The stock market saw a huge boost of the narrative that a rate cut could come sooner than later. The CME FedWatch tool points to a 23.3 percent chance of a rate cut in the upcoming June meeting. Fed Fund rate levels in December show a less than 15 percent probability the benchmark interest rate will be at the current 200-225 basis points.
OIL – Soft Dollar Boosts Energy Prices
Brent jumped 1.11 percent and WTI rose 0.38 percent after the US dollar fell on a possible rate cut gaining traction this year. Trade disputes have been negative for energy prices, and the White House decision to open a trade front with Mexico investors were anxious about sustained growth.
The US is impacting prices in three ways. Sanctions against Iran and Venezuela for political reasons have boosted prices as it reduced supply. US-China and US-Mexico trade disputes have a negative effect on global growth forecast reducing energy demand going forward. The final factor has been the rise of American output. While sanctions reduce supply and boost prices, lower energy demand and rising production depreciates crude as there is a higher risk of oversupply.
The OPEC+ deal has been the major stabilizing force holding energy prices, but the agreement to cut output comes with an expiration date. Russia has not committed publicly to an extension which could put more pressure on Saudi Arabia to keep the group united if they lose such a major producer.
US crude inventories are expected to shrink in this week’s data release. The softness of the dollar and a lower drawdown would be a positive for crude prices. Tougher trade rhetoric and risk aversion coupled with a lower than forecasted drawdown would once again cause a drop in energy prices.
GOLD – Gold Rises on Dollar Weakness
Gold rose 0.31 percent on Tuesday as the trade war drums in the US keep beating. The decision by President Trump to open more than one trade front at the time resulted in a weaker dollar. The yellow metal is being used by investors as a safe haven to reduce dollar exposures.
The words from Chair Powell were taken from the central banker handbook, he said very little of substance beyond the fact that the U.S. Federal Reserve will act if needed. A rate cut could be one of the measures needed, but the economy would have to show bigger signs of lack of momentum, even as trade disputes are slowing down growth.
Gold remains well above the $1,320 price level and given the geopolitical conditions there would have to be major advances on the trade war fronts and improving economic fundamentals for the yellow metal to depreciate against the greenback.
STOCKS – Tech Sector Shakes Off Anti-Trust Jitters
Investors bought into the stock market after Fed Chief Powell’s remarks hinted at a higher possibility of an interest rate cut this year. The Fed with four rate hikes in 2018 caused a major sell-off in December and had to reverse course in January. Today’s words by the top US central banker put US equities in its second-best day of the year.
Anti-trust concerns were lower on Tuesday and the softness of the dollar gave a boost to equities. Trade war anxiety remains and companies with the biggest exposure to China and Mexico were affected. Chief Powell also mentioned the negative effect of a prolonged trade war and with is pledged to sustain the pace of growth of the US economy opened the door to an interest rate cut in the near to mid-term.
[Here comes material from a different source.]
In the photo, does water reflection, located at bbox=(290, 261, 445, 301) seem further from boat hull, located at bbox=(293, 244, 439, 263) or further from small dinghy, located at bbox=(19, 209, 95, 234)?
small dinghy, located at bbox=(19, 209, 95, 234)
Pound Rises Despite Construction Disappointment
The pound rose 0.31 percent on Tuesday despite another economic indicator falling below expectations. British construction PMI dropped to 48.6 and is now below the level considered to be an expansion. Brexit anxiety has led to various data points pointing to a downward trend, but for now the political drama in the United Kingdom is focused on who will succeed Theresa May at the head of the Conservative party.
The ghost of a no-deal Brexit haunts the currency as the battle to gain support within the Tories heats up. The European parliament elections ironically showed a high support for the Brexit Party and in turn could put a hard Brexiteer at the head of the government.
Central banks took the center stage as an US interest rate cut could be on the table sooner than expected. Trade war headwinds and economic uncertainty could force the Fed to lower rates.